= Beginning of Section =
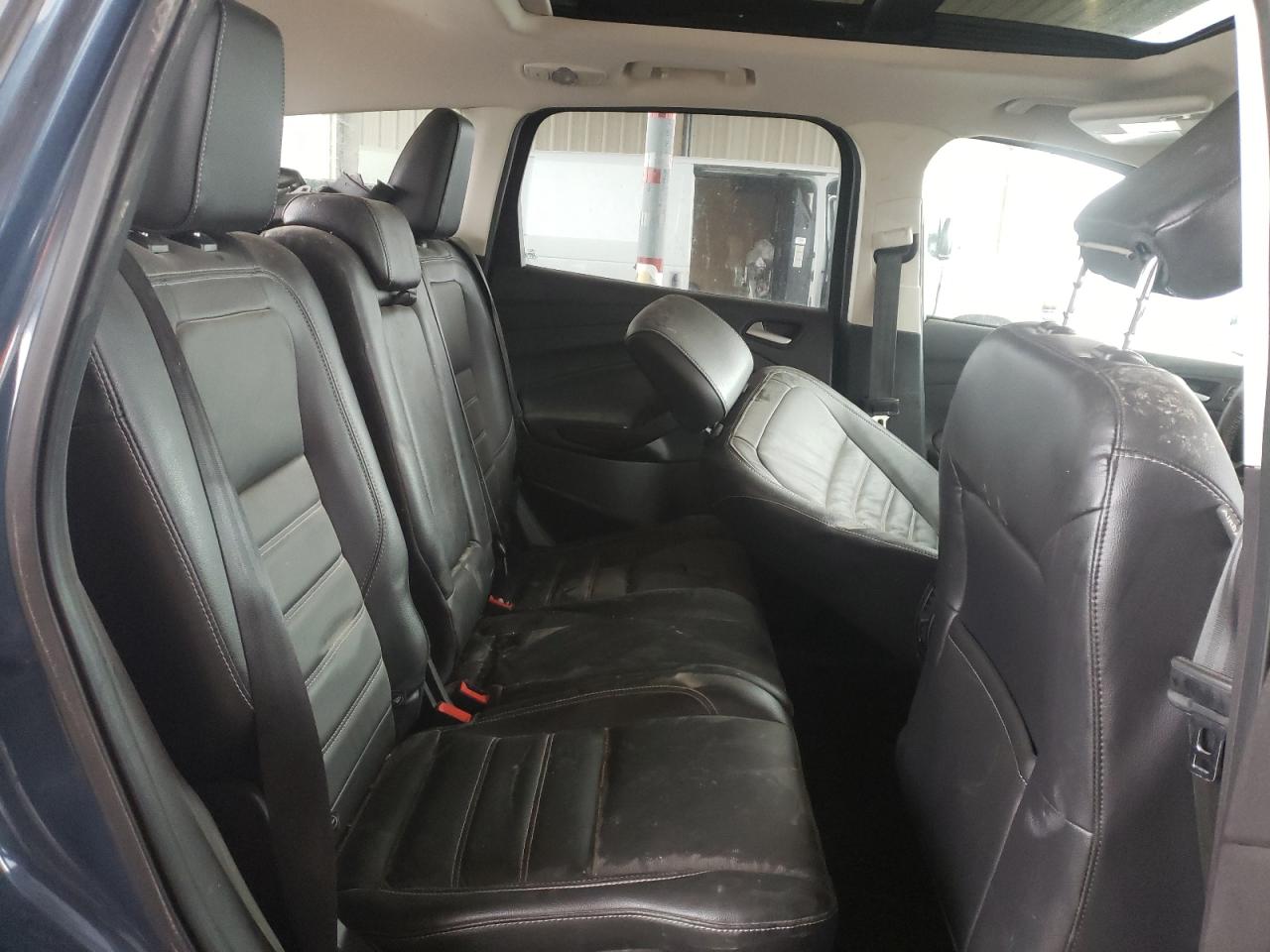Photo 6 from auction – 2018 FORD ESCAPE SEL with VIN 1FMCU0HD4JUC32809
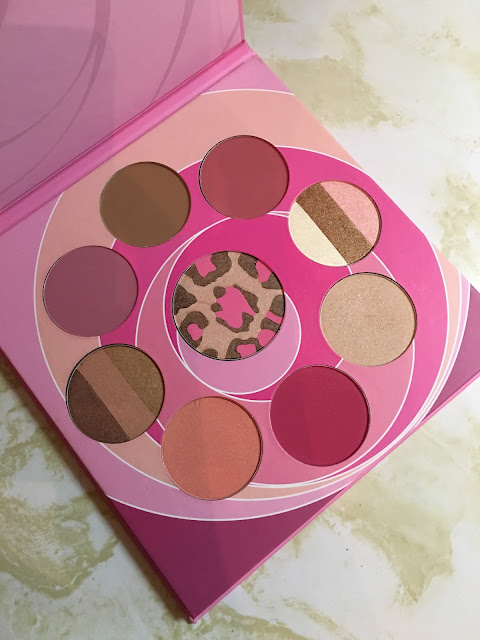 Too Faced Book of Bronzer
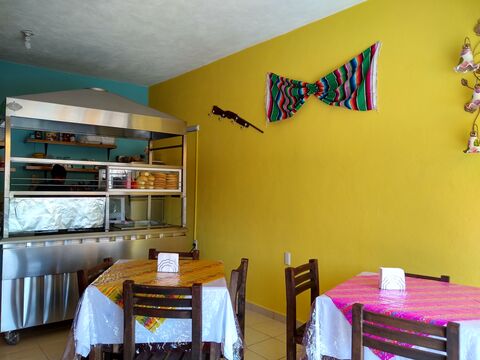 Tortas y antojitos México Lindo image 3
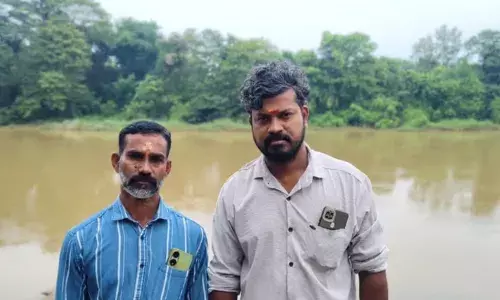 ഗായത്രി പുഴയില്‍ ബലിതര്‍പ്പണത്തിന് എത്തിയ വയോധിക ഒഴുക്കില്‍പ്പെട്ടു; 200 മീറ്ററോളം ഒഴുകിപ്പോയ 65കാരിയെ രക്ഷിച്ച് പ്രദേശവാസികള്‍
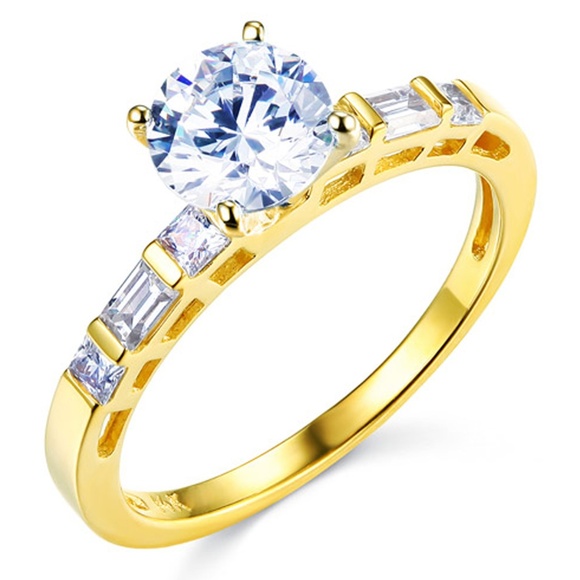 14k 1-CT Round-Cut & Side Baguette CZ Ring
= End of Section =
• [Assignment]
Without the pictures, retype exactly the lines from the one that holds "Too Faced Book of Bronzer" to the last line of the data above, both of them included.

• [Task answer]
 Too Faced Book of Bronzer
 Tortas y antojitos México Lindo image 3
 ഗായത്രി പുഴയില്‍ ബലിതര്‍പ്പണത്തിന് എത്തിയ വയോധിക ഒഴുക്കില്‍പ്പെട്ടു; 200 മീറ്ററോളം ഒഴുകിപ്പോയ 65കാരിയെ രക്ഷിച്ച് പ്രദേശവാസികള്‍
 14k 1-CT Round-Cut & Side Baguette CZ Ring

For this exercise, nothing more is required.